Since it is undisputed that the subject equipment and accessories were never in operation, Centronics could have legitimately contended that its right to recapture the stock was absolute in view of the lease’s provision that either party could terminate its contractual obligations upon notice to the other party at any time “prior to the end of the six month trial period . . . .” Further, even the execution of “Exhibit G” by Centronics under the circumstances heretofore delineated could have subjected that instrument to attack on the basis of fraud or overreaching by Caesar’s World.
Thus, faced with the prospect of protracted litigation—in which Caesar’s World might not prevail'—over the contractual rights of the parties to unregistered volatile stock whose value might plummet as spectacularly as it has risen, the defendant directors executed a compromise agreement with Centronics. (While it is not dispositive of the issue at bar, it is noteworthy that an immediate profit of $6,767,000, on a $1,700,000 investment, accrued to Caesar’s World as a result of the compromise.)

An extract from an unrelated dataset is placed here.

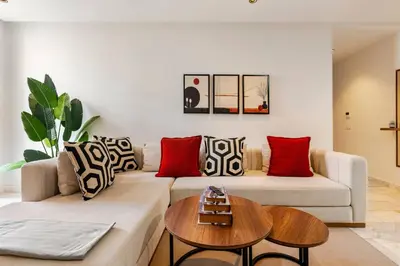 a living room with a white couch and red pillows at Appartement Design avec Parking et Salle de Sport Ferme Bretonne in Casablanca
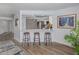 Inviting kitchen bar with seating, open to the adjacent living spaces at 120 Hourglass Dr, Venice, FL 34293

Vested with the management of the business of Caesar’s World, it was incumbent upon, the corporate directors to evaluate the relative risks of alternative courses of action. Accordingly, the decision of the defendant directors was indisputably a sound exercise of their business judgment which, absent any allegations or showing of bad faith or fraud, is not judicially reviewable. These principles were recently enunciated as follows:
The management of corporate business is vested in the directors of the corporation, and Courts in Florida have given to directors wide discretion in the exercise of business judgment in the performance of their duties. A Court of equity will not attempt to pass upon questions of mere business expediency or the mere exercise of business judgment, which is vested by law in the governing body of the corporation. Yarnall Ware & Tr., Inc. v. Three Ivory Bros. Mov. Co., supra, 226 So.2d at 890-891; Citizens National Bank v. Peters, Fla.App.1965, 175 So.2d 54; Orlando Orange Groves Co. v. Hale, 119 Fla. 159, 161 So. 284; 18 C.J.S. Corporations § 520; 7 Fla.Jur., Corporations §§ 158, 281.
Thus, plaintiffs have been accorded the opportunity to present their cause and offer testimony and evidence as to their claims. A thorough review of all presentations of the parties, in addition to all depositions and pleadings filed, conclusively establishes the lack of any factual issues to be tried in this litigation. Accordingly, summary judgment is hereby granted in favor of the defendants, Caesar’s World, Inc., Clifford S. Perlman, Stuart Z. Perlman, William H. McElnea, Jr., Jay E. Leshaw, Harold E. Campbell, Jr., Bertin J. Perez, Richard A. Sheehan, Jr., L. John Polite, Jr. and Melvin Chasen, and against the plaintiffs, Jacob Sehein and Marvin H. Schein, defendants being so entitled as a matter of law.